### Task details
Would you repeat exactly the part of the listing below that runs from the line containing "Hataylı Kanaat Önderleri’nden" down to the line containing "Des manifestants pro-palestiniens", inclusive, and nothing else?

### Excerpted records
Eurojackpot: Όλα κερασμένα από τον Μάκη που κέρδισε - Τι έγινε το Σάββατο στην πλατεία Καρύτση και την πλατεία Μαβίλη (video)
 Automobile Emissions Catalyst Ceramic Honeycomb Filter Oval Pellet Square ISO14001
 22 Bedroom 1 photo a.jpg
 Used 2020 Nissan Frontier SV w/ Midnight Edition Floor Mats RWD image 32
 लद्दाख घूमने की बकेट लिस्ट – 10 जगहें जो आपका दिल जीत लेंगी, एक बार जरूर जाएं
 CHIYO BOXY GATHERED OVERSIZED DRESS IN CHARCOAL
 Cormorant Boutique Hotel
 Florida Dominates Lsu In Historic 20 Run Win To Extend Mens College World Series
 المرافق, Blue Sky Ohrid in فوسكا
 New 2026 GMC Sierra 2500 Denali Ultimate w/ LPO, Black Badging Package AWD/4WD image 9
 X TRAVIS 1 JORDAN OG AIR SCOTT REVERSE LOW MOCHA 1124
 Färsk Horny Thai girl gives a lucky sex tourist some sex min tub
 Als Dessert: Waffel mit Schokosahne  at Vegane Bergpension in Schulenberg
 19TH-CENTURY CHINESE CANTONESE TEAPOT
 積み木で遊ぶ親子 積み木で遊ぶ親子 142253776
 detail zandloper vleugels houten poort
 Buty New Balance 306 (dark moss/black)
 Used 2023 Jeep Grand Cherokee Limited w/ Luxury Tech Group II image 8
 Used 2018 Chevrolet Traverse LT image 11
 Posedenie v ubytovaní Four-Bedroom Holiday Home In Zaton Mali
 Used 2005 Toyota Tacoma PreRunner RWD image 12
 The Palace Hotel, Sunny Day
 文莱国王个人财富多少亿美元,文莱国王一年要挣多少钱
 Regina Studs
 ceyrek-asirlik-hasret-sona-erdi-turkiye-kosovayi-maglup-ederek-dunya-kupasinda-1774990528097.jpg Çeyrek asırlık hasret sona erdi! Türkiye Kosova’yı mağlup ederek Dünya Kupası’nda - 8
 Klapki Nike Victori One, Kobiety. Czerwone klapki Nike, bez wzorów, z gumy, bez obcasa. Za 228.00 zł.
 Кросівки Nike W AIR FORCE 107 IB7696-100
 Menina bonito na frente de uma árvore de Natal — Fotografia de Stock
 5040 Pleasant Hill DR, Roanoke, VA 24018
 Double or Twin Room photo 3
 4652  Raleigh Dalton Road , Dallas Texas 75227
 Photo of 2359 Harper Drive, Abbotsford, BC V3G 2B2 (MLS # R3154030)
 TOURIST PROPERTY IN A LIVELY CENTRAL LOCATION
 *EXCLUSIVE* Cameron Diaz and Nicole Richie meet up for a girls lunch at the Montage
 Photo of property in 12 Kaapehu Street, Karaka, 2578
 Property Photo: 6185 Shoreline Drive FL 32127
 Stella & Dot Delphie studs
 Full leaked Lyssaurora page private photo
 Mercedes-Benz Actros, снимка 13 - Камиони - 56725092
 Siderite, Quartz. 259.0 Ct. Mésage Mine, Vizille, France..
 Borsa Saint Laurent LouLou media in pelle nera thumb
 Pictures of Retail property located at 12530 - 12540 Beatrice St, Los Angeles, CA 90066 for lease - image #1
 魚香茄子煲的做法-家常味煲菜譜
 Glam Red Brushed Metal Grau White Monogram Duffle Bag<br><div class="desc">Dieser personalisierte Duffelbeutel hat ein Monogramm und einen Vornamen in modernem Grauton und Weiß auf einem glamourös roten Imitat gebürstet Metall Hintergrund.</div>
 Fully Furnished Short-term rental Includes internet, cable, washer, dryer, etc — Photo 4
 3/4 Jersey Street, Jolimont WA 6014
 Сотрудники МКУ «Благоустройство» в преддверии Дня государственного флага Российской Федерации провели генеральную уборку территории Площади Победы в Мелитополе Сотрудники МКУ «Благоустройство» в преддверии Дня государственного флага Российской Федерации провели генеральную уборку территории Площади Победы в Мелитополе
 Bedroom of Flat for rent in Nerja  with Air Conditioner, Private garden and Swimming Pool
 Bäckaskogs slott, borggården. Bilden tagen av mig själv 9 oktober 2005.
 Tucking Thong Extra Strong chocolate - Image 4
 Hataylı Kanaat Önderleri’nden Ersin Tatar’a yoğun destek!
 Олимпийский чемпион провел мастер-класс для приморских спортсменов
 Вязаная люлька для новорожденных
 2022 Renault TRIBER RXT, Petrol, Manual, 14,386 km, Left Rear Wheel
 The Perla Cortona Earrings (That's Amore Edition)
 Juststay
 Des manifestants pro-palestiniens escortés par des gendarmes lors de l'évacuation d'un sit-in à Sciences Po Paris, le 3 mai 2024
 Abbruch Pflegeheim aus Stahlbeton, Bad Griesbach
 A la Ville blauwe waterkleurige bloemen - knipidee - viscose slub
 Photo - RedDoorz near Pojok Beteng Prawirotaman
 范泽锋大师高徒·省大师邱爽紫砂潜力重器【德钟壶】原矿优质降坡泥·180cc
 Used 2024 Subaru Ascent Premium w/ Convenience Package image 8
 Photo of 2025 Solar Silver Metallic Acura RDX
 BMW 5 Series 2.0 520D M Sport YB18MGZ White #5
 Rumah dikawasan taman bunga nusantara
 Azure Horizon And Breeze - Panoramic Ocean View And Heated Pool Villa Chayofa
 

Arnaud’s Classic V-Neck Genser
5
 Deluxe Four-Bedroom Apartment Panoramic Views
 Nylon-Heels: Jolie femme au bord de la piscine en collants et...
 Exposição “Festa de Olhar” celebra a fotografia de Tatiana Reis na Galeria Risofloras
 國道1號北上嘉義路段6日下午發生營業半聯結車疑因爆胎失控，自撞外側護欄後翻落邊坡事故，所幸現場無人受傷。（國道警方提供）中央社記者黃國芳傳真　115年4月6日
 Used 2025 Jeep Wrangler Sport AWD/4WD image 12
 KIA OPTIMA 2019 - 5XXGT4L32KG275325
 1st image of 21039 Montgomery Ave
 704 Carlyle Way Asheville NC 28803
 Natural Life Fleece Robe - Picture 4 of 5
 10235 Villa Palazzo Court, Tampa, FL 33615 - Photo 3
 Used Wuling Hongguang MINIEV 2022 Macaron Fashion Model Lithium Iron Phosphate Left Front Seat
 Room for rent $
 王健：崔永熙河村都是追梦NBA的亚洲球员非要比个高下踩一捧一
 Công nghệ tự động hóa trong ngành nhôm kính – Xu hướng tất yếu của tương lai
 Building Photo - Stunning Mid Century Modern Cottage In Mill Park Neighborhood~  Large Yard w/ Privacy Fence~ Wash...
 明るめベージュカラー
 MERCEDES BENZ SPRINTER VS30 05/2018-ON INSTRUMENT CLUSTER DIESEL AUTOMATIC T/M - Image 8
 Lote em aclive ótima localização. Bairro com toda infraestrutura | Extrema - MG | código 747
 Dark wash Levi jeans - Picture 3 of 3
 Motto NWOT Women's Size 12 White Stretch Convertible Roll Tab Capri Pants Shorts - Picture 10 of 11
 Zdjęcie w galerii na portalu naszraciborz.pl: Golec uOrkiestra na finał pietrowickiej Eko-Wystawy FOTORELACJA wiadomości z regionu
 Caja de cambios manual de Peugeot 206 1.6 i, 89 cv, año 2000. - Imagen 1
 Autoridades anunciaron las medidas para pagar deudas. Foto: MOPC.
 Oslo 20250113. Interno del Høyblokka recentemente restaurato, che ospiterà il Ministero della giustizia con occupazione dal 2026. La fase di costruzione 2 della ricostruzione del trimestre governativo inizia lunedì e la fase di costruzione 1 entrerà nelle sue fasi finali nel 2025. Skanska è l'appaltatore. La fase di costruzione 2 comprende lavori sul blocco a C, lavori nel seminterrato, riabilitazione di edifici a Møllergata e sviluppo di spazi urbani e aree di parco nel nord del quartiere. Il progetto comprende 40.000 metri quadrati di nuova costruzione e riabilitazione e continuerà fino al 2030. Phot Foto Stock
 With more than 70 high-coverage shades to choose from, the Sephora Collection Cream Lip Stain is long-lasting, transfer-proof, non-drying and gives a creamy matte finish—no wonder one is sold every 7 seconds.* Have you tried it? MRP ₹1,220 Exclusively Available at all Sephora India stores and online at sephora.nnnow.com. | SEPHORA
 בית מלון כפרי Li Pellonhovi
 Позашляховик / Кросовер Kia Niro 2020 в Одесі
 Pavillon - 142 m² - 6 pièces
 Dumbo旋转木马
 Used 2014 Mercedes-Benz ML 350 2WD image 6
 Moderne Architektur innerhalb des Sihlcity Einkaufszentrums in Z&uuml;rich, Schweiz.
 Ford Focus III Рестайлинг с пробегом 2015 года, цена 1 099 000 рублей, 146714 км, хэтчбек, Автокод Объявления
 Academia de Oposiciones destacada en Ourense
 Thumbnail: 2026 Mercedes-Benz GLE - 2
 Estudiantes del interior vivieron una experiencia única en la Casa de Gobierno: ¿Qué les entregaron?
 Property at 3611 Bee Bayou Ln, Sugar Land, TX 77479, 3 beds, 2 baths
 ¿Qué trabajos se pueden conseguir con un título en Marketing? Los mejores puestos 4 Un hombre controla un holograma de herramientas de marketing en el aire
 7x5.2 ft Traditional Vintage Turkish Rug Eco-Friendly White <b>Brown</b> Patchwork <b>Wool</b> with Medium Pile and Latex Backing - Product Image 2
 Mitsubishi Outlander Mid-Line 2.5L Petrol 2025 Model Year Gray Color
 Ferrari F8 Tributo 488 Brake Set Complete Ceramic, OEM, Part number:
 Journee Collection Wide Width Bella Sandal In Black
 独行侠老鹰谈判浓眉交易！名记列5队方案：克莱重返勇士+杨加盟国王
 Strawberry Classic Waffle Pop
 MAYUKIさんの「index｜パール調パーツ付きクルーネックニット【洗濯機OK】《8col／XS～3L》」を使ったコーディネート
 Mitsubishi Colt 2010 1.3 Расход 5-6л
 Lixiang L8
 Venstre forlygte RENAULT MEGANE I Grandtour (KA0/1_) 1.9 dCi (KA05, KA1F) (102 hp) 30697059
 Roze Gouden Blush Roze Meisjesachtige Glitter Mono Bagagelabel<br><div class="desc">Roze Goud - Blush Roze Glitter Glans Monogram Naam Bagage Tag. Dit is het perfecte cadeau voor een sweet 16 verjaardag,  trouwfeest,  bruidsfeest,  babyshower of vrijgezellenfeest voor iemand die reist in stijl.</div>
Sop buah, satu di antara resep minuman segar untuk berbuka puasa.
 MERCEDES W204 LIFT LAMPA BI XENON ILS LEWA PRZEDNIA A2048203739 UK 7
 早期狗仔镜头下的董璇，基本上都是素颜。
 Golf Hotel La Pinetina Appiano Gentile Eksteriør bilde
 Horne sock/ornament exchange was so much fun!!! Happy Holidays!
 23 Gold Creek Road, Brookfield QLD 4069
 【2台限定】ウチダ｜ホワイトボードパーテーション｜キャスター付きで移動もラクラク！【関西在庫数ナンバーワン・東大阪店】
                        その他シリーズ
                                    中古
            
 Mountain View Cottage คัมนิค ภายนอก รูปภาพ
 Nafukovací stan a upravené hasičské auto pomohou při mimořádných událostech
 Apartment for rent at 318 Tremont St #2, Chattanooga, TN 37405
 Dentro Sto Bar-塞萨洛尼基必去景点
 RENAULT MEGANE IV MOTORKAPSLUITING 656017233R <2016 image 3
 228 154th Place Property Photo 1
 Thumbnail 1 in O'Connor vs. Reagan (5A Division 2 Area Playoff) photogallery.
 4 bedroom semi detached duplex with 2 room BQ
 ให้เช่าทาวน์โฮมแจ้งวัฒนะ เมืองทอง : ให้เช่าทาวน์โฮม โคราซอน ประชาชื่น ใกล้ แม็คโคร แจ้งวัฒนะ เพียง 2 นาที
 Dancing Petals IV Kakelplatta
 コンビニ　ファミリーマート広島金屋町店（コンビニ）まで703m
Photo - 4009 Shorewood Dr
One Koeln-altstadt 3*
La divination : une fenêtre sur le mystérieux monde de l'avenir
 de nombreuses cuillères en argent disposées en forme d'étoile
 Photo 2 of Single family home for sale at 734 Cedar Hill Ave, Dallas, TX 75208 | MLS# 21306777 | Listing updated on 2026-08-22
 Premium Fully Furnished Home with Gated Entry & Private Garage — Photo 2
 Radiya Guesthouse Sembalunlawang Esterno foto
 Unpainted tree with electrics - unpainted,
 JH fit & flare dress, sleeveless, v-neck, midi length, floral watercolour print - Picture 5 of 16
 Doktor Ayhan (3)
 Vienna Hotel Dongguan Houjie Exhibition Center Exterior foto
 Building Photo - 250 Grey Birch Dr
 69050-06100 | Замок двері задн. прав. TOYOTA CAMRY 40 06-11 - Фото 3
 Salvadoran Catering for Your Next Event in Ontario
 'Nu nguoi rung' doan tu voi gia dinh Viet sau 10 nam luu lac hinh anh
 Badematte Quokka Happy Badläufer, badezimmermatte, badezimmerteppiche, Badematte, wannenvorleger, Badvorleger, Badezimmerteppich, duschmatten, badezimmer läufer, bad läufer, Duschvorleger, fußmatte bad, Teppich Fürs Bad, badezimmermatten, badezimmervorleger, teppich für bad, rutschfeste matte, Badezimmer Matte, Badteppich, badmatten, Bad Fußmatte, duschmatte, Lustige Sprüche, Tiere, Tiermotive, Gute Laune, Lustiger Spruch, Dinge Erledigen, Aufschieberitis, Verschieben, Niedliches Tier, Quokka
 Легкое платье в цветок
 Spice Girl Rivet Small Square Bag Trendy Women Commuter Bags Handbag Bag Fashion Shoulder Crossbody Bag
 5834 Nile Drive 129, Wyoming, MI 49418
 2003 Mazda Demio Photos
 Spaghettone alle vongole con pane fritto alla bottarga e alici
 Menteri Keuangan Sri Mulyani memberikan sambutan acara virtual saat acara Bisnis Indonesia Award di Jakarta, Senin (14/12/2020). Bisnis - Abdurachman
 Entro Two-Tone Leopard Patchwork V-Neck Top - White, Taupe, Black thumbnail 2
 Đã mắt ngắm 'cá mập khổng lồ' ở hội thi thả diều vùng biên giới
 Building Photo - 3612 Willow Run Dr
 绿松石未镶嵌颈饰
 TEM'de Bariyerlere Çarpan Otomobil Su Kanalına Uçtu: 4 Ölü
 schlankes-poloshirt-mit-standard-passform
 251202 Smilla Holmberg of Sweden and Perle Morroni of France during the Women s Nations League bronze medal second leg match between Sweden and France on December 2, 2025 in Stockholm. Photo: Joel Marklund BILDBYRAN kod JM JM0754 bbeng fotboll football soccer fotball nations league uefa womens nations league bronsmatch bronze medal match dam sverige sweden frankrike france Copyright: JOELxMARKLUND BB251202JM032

### Task response
 Hataylı Kanaat Önderleri’nden Ersin Tatar’a yoğun destek!
 Олимпийский чемпион провел мастер-класс для приморских спортсменов
 Вязаная люлька для новорожденных
 2022 Renault TRIBER RXT, Petrol, Manual, 14,386 km, Left Rear Wheel
 The Perla Cortona Earrings (That's Amore Edition)
 Juststay
 Des manifestants pro-palestiniens escortés par des gendarmes lors de l'évacuation d'un sit-in à Sciences Po Paris, le 3 mai 2024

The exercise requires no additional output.